Keio group (Lab head: N. Shimizu, Keio Univ.) proposed the new strategy which is the Clone by Clone (CBC) strategy using BAC clone combined with WGS strategy and is based on the experience in which Keio group participated in the Human Genome Project. Combining data generated by two separate CBC and WGS strategies should be of great benefit. To do this, we have developed a novel method named as HTSL (high throughput shotgun library) to rapidly generate a large number of shotgun clones from individual BAC clones. By sequencing these HTSL clones with 2-3X redundancy, we will be able to correlate most of overlapping WGS scaffolds with each BAC clone. Since total sequence data will become ~8X genome coverage and each BAC clone is arranged as a contig, scaffolds will be easily extended and contiguous genomic sequence of substantial size will be generated. Armed with this novel strategy, we have begun sequencing of a single medaka chromosome of linkage group 22 (LG22) under Priority Area #813 supported by MEXT as a first trial case. There are about 20 mapped ESTs in LG22 which could be used as anchor points for this project. The location of BAC contig could be confirmed by chromosomal FISH analysis. The international collaborations in the framework of the MGI will provide the next generation genome project with integrated medaka genome database within a few years. It will provide us with new insights how gene functions evolved in vertebrates, and how they can be experimentally examined in model systems.

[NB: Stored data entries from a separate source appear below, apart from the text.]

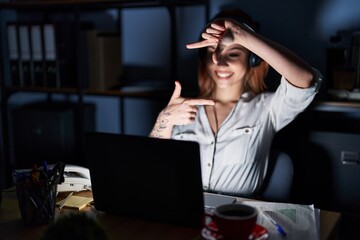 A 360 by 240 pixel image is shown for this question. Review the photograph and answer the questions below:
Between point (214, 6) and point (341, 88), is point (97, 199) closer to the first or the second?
point (341, 88)

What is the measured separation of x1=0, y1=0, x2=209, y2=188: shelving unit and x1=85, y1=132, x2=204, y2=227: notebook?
3.57ft

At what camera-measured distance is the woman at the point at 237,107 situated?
1.42m

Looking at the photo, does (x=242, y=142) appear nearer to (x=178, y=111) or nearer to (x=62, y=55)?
(x=178, y=111)

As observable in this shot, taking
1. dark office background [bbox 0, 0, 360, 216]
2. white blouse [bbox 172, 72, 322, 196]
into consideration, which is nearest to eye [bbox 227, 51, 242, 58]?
white blouse [bbox 172, 72, 322, 196]

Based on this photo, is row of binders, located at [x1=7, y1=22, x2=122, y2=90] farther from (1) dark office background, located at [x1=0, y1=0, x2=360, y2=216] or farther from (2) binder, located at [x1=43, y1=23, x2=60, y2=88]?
(1) dark office background, located at [x1=0, y1=0, x2=360, y2=216]

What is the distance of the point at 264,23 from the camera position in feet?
7.23

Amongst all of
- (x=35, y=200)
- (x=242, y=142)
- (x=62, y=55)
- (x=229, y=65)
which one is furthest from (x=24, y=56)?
(x=35, y=200)

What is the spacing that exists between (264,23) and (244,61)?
54 cm

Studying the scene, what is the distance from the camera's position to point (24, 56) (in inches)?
98.7

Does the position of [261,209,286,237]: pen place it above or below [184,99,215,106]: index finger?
below

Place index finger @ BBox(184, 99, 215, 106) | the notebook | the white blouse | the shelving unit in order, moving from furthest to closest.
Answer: the shelving unit → the white blouse → index finger @ BBox(184, 99, 215, 106) → the notebook

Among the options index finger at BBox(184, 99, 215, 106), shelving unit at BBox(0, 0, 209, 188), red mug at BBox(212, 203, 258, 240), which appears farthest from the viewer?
shelving unit at BBox(0, 0, 209, 188)

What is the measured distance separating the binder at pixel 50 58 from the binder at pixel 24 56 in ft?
0.35

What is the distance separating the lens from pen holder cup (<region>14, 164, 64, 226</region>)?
110cm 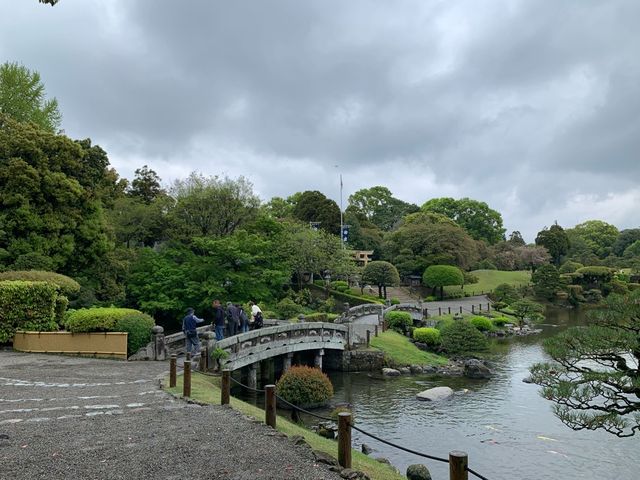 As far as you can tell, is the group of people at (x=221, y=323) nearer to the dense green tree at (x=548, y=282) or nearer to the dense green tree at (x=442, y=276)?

The strategy for Medaka LG22 sequencing

As a first step of the Medaka genome sequencing, we try to sequence the medaka LG.22 (Medaka LG.22 project). A BAC library derived from a medaka inbred strain, Hd-rR strain, is used in the analyses. BAC clone contigs are constructed by Heinz Himmelbauer (MPIMG) using information of EST markers mapped on LG22 by Hiroshi Mitani (Univ.Tokyo). Radiation hybrid mapping are done by Makoto Furutani-Seiki and Hisato Kondoh and chromosomal FISH analysis is done by Manfred Schartl and Indrajit Nanda (Univ. Wuerzburg) to confirm the contig data. The BAC end sequencing project is also carried out by Shimizu group (Keio Univ.), and it is performed by searching the contiguity BAC clone using BAC end sequence data. These selected BAC clones are sequenced by the shotgun method which is corresponding to 6X. We deduced that 5 ~ 20 gaps will be remained, but the contig direction and the gap size will be confirmed by PCR at the first step of LG22 project.